How much attention do you pay to your mail?
Do you look to make sure every envelope has a return address? Do you look at the amount of postage? Do you look for foreign postmarks? Misspelled words?
Do you smell your mail? Feel your mail? Listen to your mail?
I didn’t used to. But I do now.
I was in the mailroom on the Portland campus last week waiting to get postage stamped on some packages I had to send out.
I was interested in how people who work in the mailroom feel about the recent anthrax scares.
As he was weighing my packages I asked the guy if he thought about it.
“Of course we think about it,” he said. “But I don’t worry.”
I asked him why.
“Because what can I do about it?” he responded matter-of-factly.
In the previous week I had seen what some people do about it.
From the back porch of my apartment I had watched the Forest Avenue post office get evacuated twice in 24 hours. I saw dozens of post office employees put on buses to be shipped off to “an undisclosed location” to be decontaminated.
It scared me.
It made me start to look at my mail a little differently. I started to feel the credit card offers before I opened them. I became suspicious of letters to the editor. I verified names and addresses.
But the guy in the mailroom got me thinking.
Because really, what can I do about it?
I started to weigh the facts.
The reality is that of the 285 million people in this country, only dozens have been exposed to anthrax spores. One man has died. As of Saturday, eight actual cases of infection were confirmed. They are all being treated and are expected to fully recover. And the closest anthrax has come to my Bedford Street office is Manhattan.
I realized a couple of things:
I am not Tom Brokaw. I live in Maine. And there is a cure just in case.
This knowledge will not keep me from looking over my mail a little more carefully than I did before Sept. 11, but it should keep me sane.
Taking a stand
I don’t like television.
But I love sports.
I’ll admit I went through a stage earlier in my life when I’d spend countless hours watching whatever sporting event I could find on TV. I’d prefer sports like baseball and basketball, but I’d settle for golf and bowling if I really had to.

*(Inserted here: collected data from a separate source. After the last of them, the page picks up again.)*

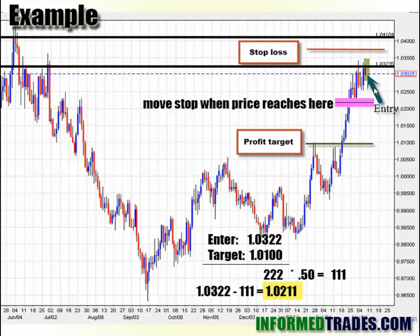Then, if price moves in your favor and gets to this level right here — which is halfway between where you entered and your target profit — that's when you can move to break even, or slightly below to lock in some profit. Once it reaches that halfway point, that's when you start looking to eliminate your risk. So we entered at 103.22, with a target of 101 — that's 222 pips we're targeting. Multiply that by 50% and we get 111. So when the market moves 111 points from our entry in the direction of the profit target, that's where we move our stop to break even.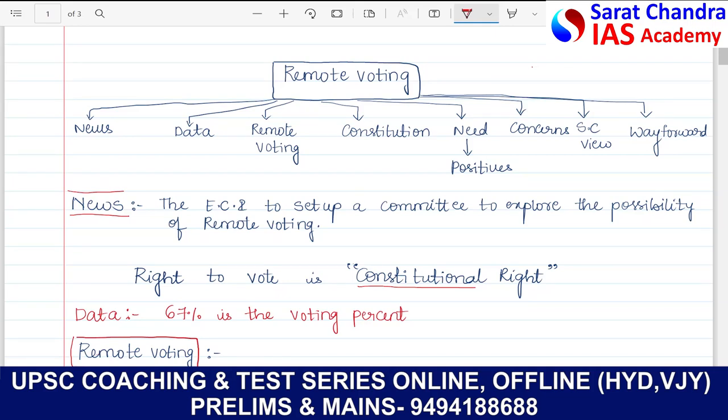Hello everyone, welcome to Sharat Chandra IAS Academy. Welcome to the session on current affairs. In today's session, we will be talking about remote voting.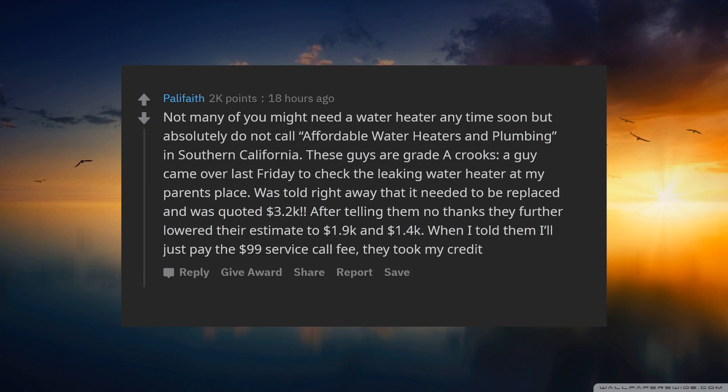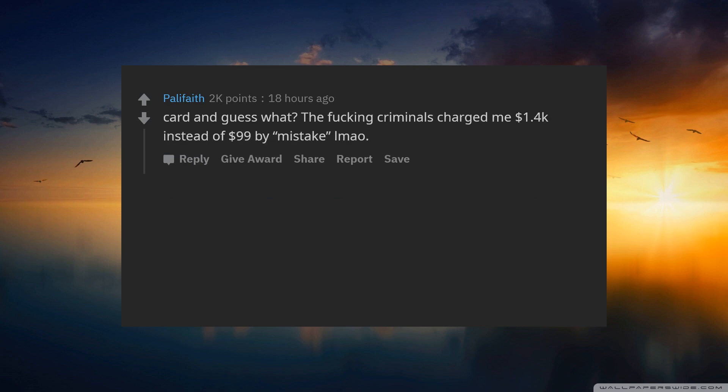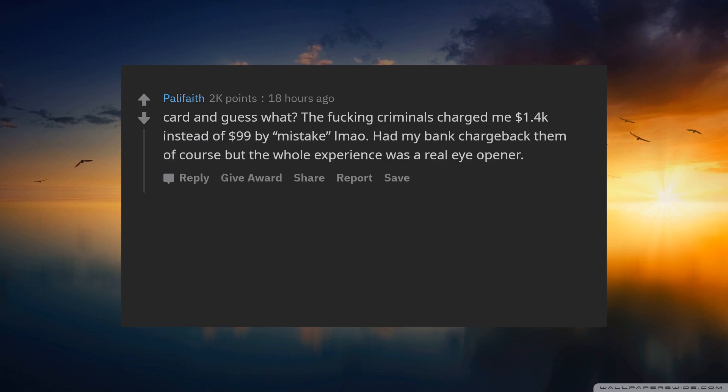They took my credit card and guess what? The criminals charged me $1,400 instead of $99 by mistake. Had my bank chargeback them of course, but the whole experience was a real eye-opener.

Nowadays I barely have time for Monday Night Football. But as long as I can remember I’ve made it a priority to watch baseball playoffs.
I don’t have cable. I haven’t had cable for years. I’d rather not rot my brain flipping through all the HBOs and music channels.
I’ve been using rabbit ears for a while and I haven’t had any problems.
Until this year.
Earlier in the month, our local affiliate replaced FOX with WB. I didn’t think it would really matter until someone said this year’s baseball playoffs are on FOX.
I remember thinking to myself there must be some mistake. There’s no way I’d need to have cable to watch the ALCS or, god forbid, the World Series.
But that’s exactly what’s happened.
I’d have to pay at least $10.50 a month plus a $20.77 installation fee to get FOX.
That might not sound so bad. “What’s $30?” you might ask.
It might not be much, but I refuse to pay to watch the World Series.
It’s a matter of principle.
Being able to watch the World Series for free isn’t a right guaranteed by the Constitution. I don’t delude myself.
But I’ve been given the message my entire life that baseball is America’s pastime. The president has wiffle ball games on the White House lawn.
I guess I shouldn’t be surprised that now it’s just as American to be a slave to Time-Warner. Who am I to think that I should be able to watch America’s most popular game for free on public airwaves?
I’m sure I’ll cave in soon enough. But until then I’ll have to be satisfied with Joe and Jerry’s radio broadcasts and day old newspaper headlines.
I will not pay $30 to watch the world series on TV. Not this year anyway.